§ **TASK PROMPT**: Your task is to copy the lines of the data below from the line holding "Villa Indipendente in" through the line holding "320 East 42nd Street image 10 of 11", inclusive, exactly and with nothing added.

§ **PROVIDED MATERIAL**:
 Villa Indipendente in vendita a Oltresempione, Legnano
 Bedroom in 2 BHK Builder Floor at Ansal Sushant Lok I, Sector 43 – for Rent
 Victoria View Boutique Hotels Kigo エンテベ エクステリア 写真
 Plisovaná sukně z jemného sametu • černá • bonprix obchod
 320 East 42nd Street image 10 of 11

* * *

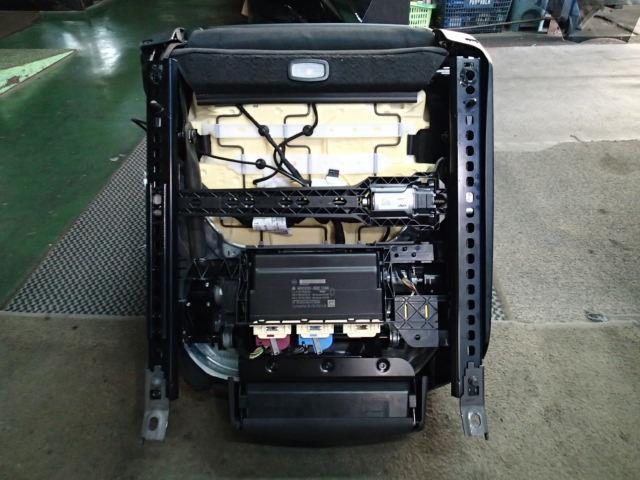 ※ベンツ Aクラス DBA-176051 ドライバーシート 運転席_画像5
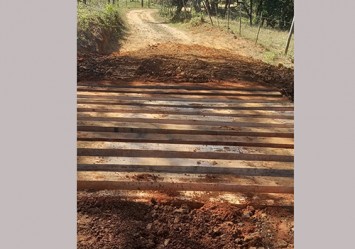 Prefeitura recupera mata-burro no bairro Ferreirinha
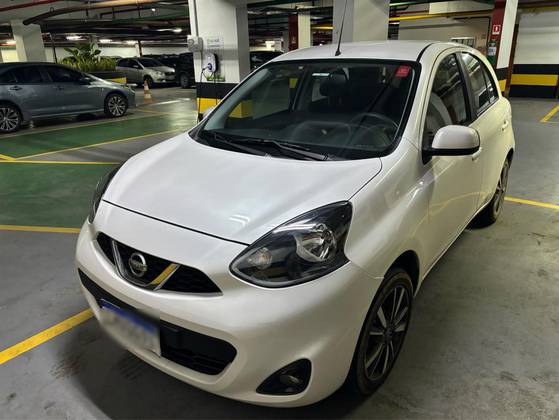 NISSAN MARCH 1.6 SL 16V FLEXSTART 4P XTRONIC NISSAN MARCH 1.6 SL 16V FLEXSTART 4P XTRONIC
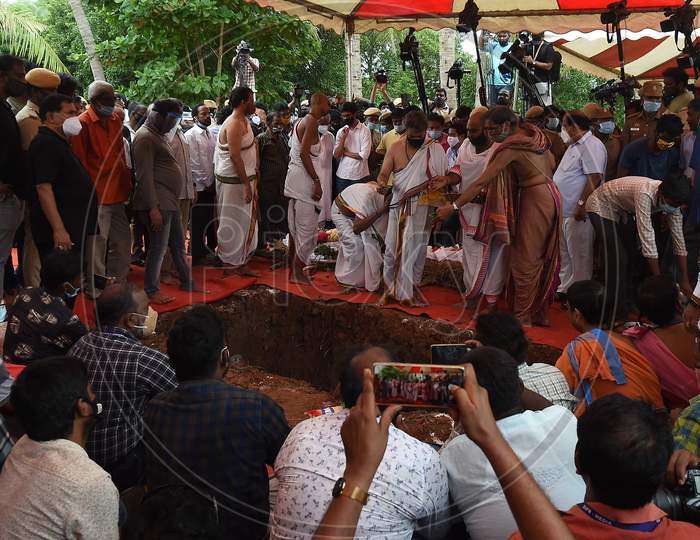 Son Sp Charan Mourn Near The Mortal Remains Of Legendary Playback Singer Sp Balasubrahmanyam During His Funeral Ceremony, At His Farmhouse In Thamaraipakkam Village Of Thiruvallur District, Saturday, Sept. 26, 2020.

§ **THE ANSWER**:
 Villa Indipendente in vendita a Oltresempione, Legnano
 Bedroom in 2 BHK Builder Floor at Ansal Sushant Lok I, Sector 43 – for Rent
 Victoria View Boutique Hotels Kigo エンテベ エクステリア 写真
 Plisovaná sukně z jemného sametu • černá • bonprix obchod
 320 East 42nd Street image 10 of 11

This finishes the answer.